# Math Help - Proving Trig Formulas

1. ## Proving Trig Formulas

Hey, I have a few questions I just can't seem to get down, looking for some help here...
1) sin2x = 2csc2x-tanx
1-cos2x

2) cos(x+y)cos(x-y)=(cosx)^2 +(cosy)^2 -1

3) (cosx)^6 + (sinx)^6 = 1-3(sinx)^2 + 3(sinx)^4

2. Originally Posted by orca432
Hey, I have a few questions I just can't seem to get down, looking for some help here...
1) sin2x = 2csc2x-tanx
1-cos2x

2) cos(x+y)cos(x-y)=(cosx)^2 +(cosy)^2 -1

3) (cosx)^6 + (sinx)^6 = 1-3(sinx)^2 + 3(sinx)^4

You need to show you work too..

(2) $cos(x+y)cos(x-y) = (cosx.cosy-sinx.siny)(cosx.cosy+sinx.siny)$

$= (cos^2x.cos^2y) - (sin^2x.sin^2y)$

$= (cos^2x.cos^2y) - [(1-cos^2x)(1-cos^2y)]$

multiply and cancel to complete the proof

3. for (3)

$(cosx)^6+(sinx)^6$

$= (cos^{2}x)^3 + (sin^{2}x)^3$

since $(a^3+b^3) = (a+b)(a^2-ab+b^2)$, you can write:

$= (cos^{2}x+sin^{2}x)(cos^{4}x-cos^{2}x. sin^{2}x+sin^{4}x)$

$= 1 (cos^{4}x-cos^{2}x. sin^{2}x+sin^{4}x)$

convert all cosines into sines and your proof will be complete.

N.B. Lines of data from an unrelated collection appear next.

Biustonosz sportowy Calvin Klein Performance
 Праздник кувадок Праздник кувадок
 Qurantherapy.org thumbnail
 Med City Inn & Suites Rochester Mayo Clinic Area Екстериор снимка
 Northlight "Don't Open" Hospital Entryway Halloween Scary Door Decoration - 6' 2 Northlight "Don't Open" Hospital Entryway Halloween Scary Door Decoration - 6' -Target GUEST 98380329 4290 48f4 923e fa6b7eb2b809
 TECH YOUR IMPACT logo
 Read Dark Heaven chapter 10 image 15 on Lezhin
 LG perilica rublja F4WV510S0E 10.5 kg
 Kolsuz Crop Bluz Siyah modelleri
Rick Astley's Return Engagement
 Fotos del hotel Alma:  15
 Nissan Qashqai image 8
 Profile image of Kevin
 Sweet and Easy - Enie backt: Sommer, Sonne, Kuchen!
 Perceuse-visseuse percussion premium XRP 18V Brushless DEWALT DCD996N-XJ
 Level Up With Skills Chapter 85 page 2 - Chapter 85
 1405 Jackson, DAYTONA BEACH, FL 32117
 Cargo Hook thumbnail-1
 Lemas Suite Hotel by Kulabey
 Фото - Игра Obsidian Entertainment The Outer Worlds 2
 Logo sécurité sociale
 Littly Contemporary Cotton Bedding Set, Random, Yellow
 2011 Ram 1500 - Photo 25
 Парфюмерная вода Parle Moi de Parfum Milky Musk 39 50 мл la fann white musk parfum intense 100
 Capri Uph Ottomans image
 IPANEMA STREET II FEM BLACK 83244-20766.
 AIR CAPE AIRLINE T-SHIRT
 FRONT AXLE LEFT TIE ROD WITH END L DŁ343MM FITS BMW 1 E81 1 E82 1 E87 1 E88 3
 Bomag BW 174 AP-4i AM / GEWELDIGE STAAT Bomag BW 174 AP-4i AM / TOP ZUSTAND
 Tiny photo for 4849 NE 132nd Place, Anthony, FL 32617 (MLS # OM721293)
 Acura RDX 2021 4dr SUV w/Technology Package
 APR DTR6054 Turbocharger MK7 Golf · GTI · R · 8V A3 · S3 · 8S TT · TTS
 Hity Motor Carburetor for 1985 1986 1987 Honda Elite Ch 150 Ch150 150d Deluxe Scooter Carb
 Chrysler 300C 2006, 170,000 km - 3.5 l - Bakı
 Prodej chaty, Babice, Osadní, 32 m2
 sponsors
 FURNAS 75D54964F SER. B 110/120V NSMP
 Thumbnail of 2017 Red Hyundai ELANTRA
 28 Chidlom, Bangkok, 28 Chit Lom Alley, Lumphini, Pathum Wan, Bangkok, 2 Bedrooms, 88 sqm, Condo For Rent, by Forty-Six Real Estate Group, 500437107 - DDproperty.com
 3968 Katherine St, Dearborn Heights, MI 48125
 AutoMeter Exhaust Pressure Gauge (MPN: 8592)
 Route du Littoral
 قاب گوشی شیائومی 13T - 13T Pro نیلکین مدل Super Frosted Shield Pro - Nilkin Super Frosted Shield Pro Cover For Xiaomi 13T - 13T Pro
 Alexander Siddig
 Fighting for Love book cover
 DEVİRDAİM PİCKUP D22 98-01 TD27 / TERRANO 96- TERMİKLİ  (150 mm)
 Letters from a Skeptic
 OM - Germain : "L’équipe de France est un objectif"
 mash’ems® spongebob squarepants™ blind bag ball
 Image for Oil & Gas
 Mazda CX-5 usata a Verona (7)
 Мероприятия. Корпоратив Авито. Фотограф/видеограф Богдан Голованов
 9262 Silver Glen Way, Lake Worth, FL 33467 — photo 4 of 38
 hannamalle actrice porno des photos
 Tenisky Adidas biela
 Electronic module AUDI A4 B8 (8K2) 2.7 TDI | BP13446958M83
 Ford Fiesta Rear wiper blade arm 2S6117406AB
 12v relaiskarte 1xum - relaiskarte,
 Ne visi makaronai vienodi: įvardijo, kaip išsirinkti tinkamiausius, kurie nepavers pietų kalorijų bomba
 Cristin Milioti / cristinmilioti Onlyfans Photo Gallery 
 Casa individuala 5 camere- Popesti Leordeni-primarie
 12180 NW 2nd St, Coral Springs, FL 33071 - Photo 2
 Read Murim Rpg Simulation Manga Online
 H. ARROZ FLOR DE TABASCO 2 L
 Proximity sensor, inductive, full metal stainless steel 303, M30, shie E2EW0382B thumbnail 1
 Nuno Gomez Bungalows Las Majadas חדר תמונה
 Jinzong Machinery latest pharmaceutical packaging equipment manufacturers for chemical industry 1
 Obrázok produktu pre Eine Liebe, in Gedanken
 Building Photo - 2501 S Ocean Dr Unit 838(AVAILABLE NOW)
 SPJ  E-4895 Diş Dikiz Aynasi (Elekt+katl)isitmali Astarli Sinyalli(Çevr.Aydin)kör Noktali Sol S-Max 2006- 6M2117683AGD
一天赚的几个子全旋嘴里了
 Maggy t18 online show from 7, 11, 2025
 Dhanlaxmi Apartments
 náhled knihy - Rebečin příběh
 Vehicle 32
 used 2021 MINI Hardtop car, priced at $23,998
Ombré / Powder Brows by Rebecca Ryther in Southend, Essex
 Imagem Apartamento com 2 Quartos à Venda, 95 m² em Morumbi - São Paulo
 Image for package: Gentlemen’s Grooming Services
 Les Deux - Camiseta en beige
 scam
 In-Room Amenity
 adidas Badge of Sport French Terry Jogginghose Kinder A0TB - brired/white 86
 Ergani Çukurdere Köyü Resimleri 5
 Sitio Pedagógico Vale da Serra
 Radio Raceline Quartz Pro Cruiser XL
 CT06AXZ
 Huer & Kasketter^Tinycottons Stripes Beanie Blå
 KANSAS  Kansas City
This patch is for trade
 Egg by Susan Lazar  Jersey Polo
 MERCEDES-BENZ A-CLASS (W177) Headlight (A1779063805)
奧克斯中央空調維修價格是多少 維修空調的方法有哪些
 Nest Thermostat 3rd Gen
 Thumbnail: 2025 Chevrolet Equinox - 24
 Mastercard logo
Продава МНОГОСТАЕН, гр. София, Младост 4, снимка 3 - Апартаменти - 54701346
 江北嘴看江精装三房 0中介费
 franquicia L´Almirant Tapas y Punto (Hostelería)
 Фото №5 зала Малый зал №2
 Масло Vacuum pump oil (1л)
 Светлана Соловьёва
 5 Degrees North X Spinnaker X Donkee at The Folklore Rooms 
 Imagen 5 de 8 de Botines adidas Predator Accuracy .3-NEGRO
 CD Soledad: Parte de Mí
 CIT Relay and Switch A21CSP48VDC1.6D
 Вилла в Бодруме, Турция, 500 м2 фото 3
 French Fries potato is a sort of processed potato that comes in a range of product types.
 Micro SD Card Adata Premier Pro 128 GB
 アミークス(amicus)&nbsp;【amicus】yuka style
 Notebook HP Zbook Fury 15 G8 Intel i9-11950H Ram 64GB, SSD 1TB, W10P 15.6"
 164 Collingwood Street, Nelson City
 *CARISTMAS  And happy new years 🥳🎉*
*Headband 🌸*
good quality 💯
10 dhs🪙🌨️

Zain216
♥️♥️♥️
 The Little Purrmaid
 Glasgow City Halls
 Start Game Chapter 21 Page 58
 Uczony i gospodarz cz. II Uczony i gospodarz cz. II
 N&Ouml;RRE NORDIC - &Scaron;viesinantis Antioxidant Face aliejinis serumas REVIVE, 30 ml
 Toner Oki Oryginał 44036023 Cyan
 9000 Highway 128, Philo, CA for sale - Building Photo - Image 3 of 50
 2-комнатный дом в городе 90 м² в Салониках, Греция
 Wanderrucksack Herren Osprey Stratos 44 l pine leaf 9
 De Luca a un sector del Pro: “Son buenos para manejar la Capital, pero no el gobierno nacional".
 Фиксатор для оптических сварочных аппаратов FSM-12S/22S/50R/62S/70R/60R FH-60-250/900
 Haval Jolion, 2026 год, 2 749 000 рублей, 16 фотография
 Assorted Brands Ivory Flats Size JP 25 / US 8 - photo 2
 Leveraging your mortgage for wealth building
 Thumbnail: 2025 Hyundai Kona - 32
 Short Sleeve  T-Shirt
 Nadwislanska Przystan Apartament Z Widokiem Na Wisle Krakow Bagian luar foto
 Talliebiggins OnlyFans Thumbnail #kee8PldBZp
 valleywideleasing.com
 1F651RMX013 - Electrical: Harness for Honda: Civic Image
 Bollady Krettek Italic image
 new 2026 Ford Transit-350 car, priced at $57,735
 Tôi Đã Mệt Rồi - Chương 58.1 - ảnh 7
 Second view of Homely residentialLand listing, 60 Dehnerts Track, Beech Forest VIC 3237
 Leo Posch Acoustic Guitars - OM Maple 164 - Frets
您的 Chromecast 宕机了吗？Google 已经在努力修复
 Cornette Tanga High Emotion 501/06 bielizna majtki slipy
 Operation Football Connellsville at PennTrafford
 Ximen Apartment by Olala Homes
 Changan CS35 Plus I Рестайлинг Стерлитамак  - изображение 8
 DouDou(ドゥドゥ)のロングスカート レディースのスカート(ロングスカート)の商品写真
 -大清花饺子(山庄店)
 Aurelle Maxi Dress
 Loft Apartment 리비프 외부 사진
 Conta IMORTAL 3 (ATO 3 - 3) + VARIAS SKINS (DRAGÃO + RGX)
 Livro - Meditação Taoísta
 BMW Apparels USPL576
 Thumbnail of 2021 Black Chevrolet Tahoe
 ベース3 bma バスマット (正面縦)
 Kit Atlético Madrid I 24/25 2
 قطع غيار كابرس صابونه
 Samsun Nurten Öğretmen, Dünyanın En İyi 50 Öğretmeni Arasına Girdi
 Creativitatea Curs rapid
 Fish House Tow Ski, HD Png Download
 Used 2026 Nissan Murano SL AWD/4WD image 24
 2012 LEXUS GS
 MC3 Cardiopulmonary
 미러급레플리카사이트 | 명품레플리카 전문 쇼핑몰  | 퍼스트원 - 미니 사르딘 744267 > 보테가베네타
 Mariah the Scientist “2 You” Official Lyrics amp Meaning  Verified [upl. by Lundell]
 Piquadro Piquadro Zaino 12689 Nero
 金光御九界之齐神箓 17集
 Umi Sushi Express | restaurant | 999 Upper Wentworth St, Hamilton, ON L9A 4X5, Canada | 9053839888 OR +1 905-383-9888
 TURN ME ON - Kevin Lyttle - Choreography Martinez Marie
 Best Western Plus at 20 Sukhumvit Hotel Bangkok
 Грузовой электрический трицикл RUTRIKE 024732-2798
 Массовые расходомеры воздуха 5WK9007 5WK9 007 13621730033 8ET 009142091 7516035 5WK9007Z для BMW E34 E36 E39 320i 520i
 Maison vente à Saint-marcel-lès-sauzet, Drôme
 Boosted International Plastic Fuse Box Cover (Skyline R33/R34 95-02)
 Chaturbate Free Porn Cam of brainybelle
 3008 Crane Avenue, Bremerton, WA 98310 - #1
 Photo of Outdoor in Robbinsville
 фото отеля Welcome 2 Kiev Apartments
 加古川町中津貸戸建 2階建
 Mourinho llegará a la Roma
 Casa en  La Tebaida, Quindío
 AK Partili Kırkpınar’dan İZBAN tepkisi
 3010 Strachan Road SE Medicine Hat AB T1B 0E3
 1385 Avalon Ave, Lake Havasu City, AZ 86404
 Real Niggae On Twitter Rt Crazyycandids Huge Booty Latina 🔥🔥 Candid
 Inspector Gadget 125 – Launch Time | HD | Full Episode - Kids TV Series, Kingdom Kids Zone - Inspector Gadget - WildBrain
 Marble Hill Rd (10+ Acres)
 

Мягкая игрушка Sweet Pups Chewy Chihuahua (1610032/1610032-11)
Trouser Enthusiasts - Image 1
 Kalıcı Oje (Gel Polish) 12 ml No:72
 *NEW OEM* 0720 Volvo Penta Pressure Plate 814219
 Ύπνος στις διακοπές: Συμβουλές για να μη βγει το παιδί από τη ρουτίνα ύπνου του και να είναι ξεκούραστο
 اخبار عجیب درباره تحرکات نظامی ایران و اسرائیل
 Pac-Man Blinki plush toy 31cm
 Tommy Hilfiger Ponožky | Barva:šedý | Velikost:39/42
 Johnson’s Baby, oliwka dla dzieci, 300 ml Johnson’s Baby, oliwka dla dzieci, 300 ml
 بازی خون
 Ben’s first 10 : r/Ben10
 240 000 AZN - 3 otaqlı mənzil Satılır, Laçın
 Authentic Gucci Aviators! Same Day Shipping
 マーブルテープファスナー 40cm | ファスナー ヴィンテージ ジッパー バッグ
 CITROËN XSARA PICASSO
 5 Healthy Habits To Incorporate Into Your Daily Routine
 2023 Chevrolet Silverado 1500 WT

4. Originally Posted by harish21
for (3)

$(cosx)^6+(sinx)^6$

$= (cos^{2}x)^3 + (sin^{2}x)^3$

since $(a^3+b^3) = (a+b)(a^2-ab+b^2)$, you can write:

$= (cos^{2}x+sin^{2}x)(cos^{4}x-cos^{2}x. sin^{2}x+sin^{4}x)$

$= 1 (cos^{4}x-cos^{2}x. sin^{2}x+sin^{4}x)$

convert all cosines into sines and your proof will be complete.
When I converted them, I got $1-(sinx)^2+(sinx)^4$, anyone care to help me?

5. Originally Posted by orca432
When I converted them, I got $1-(sinx)^2+(sinx)^4$, anyone care to help me?
$cos^{4}x = (cos^{2}x)^2= (1-sin^{2}x)^2=1-2sin^{2}x+sin^{4}x$

substitute this in what you had earlier on

$1 . (cos^{4}x-cos^{2}x. sin^{2}x+sin^{4}x)$

$=1-2sin^{2}x+sin^{4}x-[(1-sin^{2}x). sin^{2}x]+sin^{4}x$

finish it...

6. Here's a little more.

$\cos^{4}x-\cos^{2}x \sin^{2}x+\sin^{4}x$

$\cos^{2}x\cos^{2}x-\cos^{2}x \sin^{2}x+\sin^{4}x$

$(1-\sin^2{x})(1-\sin^2{x})-(1-\sin^2{x}) \sin^{2}x+\sin^{4}x$

Now expand this.